Building an AI Voice Assistant with Groq and Deepgram (Part 2)

Welcome to the second part of this 3-part series on building a fast and interactive voice assistant using Python, React, Deepgram, Llama 3 and Groq. A quick recap of the roadmap:

Part 1: A local Python voice assistant app.
Part 2: A Python backend with FastAPI & WebSockets.
Part 3: An interactive React user interface.

In Part 1 we built a local Python application that showed the core features of an AI voice assistant. It could transcribe speech to text, generate responses using a language model (LLM), and convert the text back to speech. This was a great starting point to understand the basic building blocks.

However, to make our voice assistant accessible to other people, we need to create a web application. This will make it reachable online and allow multiple users to interact with it simultaneously.

In this second part of the series, we'll build the Python backend for the voice assistant web app. We'll use FastAPI and WebSockets to allow real-time communication between the clients and the server, making the experience interactive.

We'll begin with a high-level overview of the backend.

#1. High-Level Overview

The voice assistant web app consists of a client application that interacts with a backend server. The client sends audio data of the user's speech to the server, which then processes the audio, generates a response, and sends it back to the client. This communication happens in real-time, thanks to the power of WebSockets.

As we saw in Part 1, the voice assistant has three main blocks:

Speech-to-Text transcription using Deepgram Nova 2.
A Large Language Model (LLM), Meta's Llama 3 running on Groq, to generate human-like responses from the transcribed text.
Text-to-Speech using Deepgram Aura to convert the responses into speech.

#1.1. WebSockets: Real-time Communication

WebSockets are essential for real-time communication between the client and the server. Unlike traditional HTTP requests, which are unidirectional and require the client to initiate a request to receive a response, WebSockets create connections that stay open and are bidirectional.
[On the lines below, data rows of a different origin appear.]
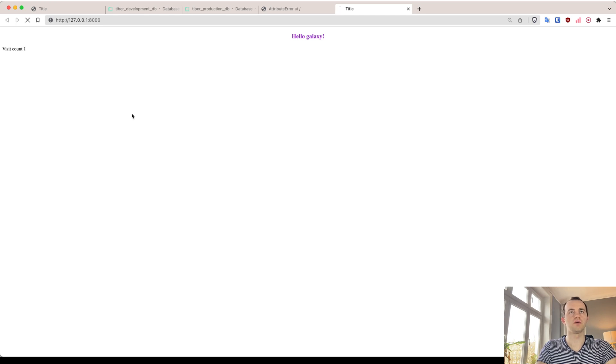And now if we go to our server, refresh, there you go, visit count zero. And refresh, one, two, three, four. So, as you can see, we've now set up a database extremely quickly, and now the next thing is to put it into production.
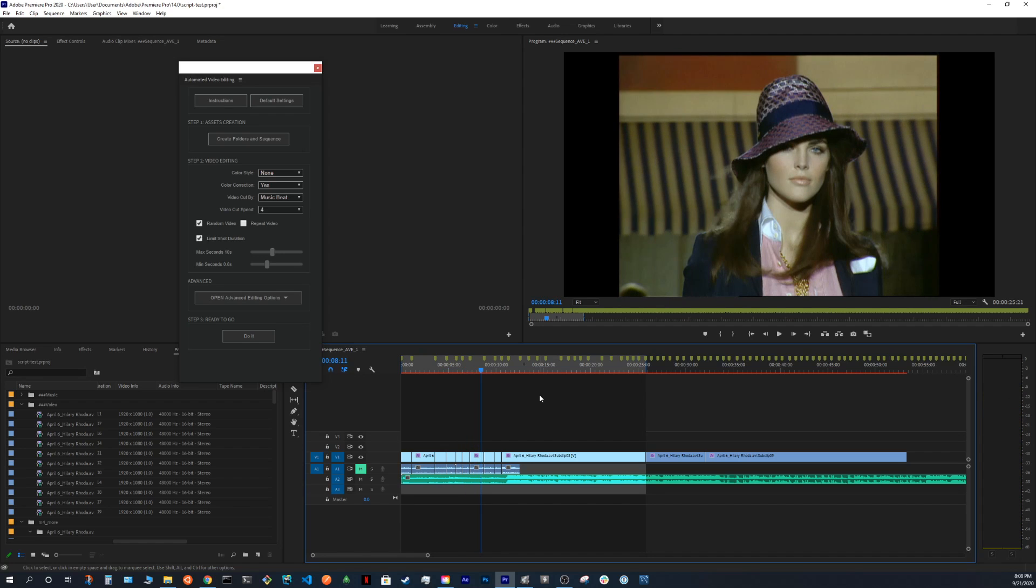So, this was a quick tutorial on how to use automated video editing for Premiere Pro. Hope you enjoyed it, and see you soon.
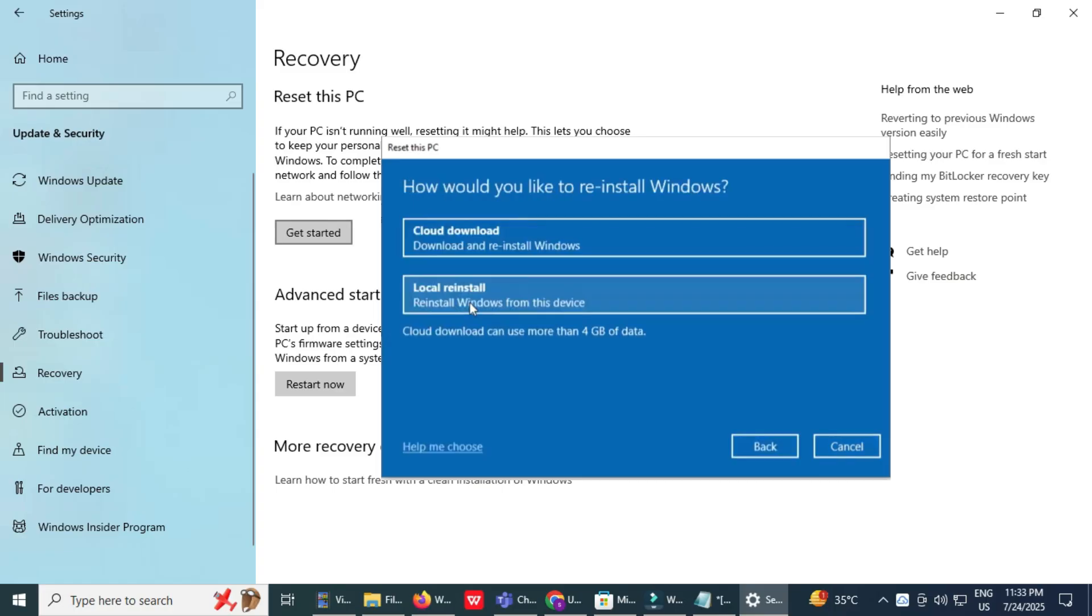Choose Reinstall method, Cloud or Local. You'll be asked how you want to reinstall Windows. Cloud Download downloads a fresh copy of Windows from Microsoft servers. Local Reinstall uses the existing Windows files on your PC. For the best results, select local reinstall.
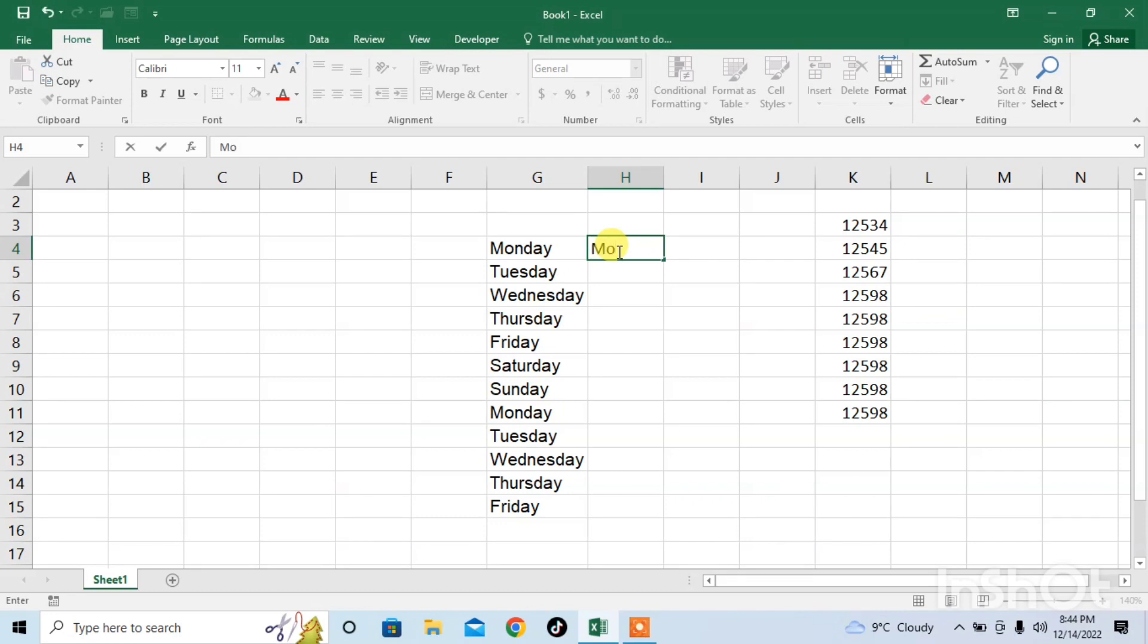For applying the Flash Fill, I will use the shortcut key Ctrl plus Enter.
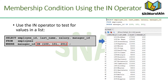To test for values in a specified set of values, use the IN operator. The IN operator is also known as the membership condition. The slide example displays employee numbers, last names, salaries, and managers whose employee number is 100, 101, and 201.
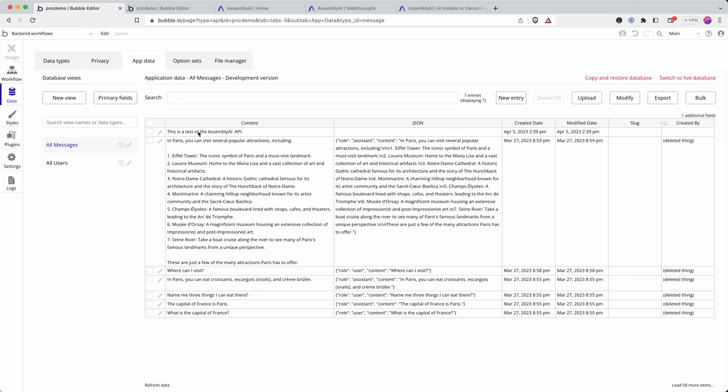I think this is where we're going to wrap up part two. In part three I'm going to demo how to create this on the front end to enable a user to upload a file or maybe even record a file and then send it off to Assembly AI and display the results back to the user.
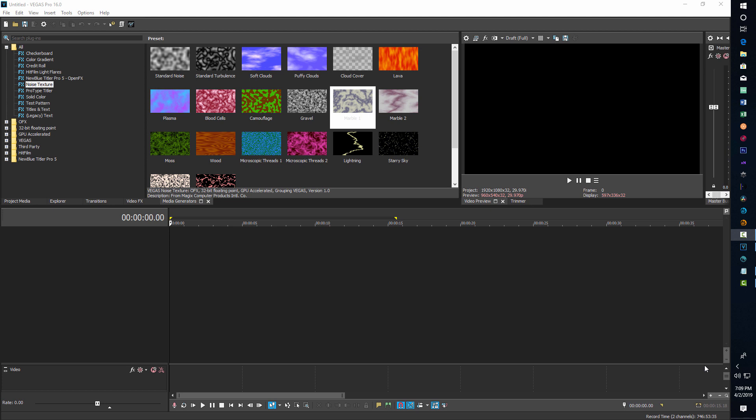Hello, and I'm excited to do this tutorial on using the Pro Type Titler in Vegas Pro. I'm in Vegas Pro 16 today, and what I'm going to be doing is just going through some basic animations. I'm not going to show you every single thing about the plugin, but I will show you the basics so you can get started with experimenting with it yourself.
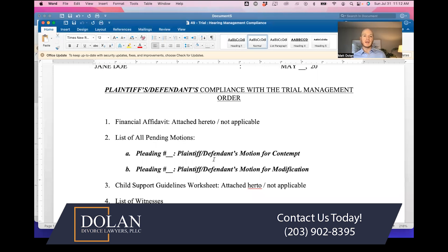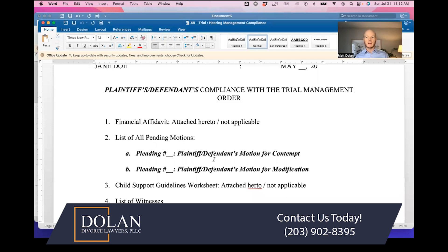In a divorce case, the main item being pursued is either the divorce complaint or the divorce cross-complaint, which is filed by the defendant. Basically, it means you want a divorce and you haven't been able to reach an agreement on the issues, so the judge is ultimately deciding all the facts of the divorce — division of assets, custody, things like that.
Once a WebSocket connection is established, both the client and the server can send messages to each other at any time. This is particularly useful for our voice assistant, because it allows the client to continuously stream audio data to the server and receive transcripts and responses in real-time.

WebSockets support different data formats:

Text Data: WebSockets can send plain text or JSON strings for structured data. In our application, we use JSON messages to transmit data like transcripts and control messages between the server and the client. For example, when a final transcript is generated, we send it to the client with this JSON format: {"type": "transcript_final", "content": "The transcribed sentence..."}.
Binary Data: WebSockets also support binary data, like for instance audio streams. In our application, the client continuously sends the user's speech to the server as binary data, and the server sends the audio response from the assistant back to the client in the same format.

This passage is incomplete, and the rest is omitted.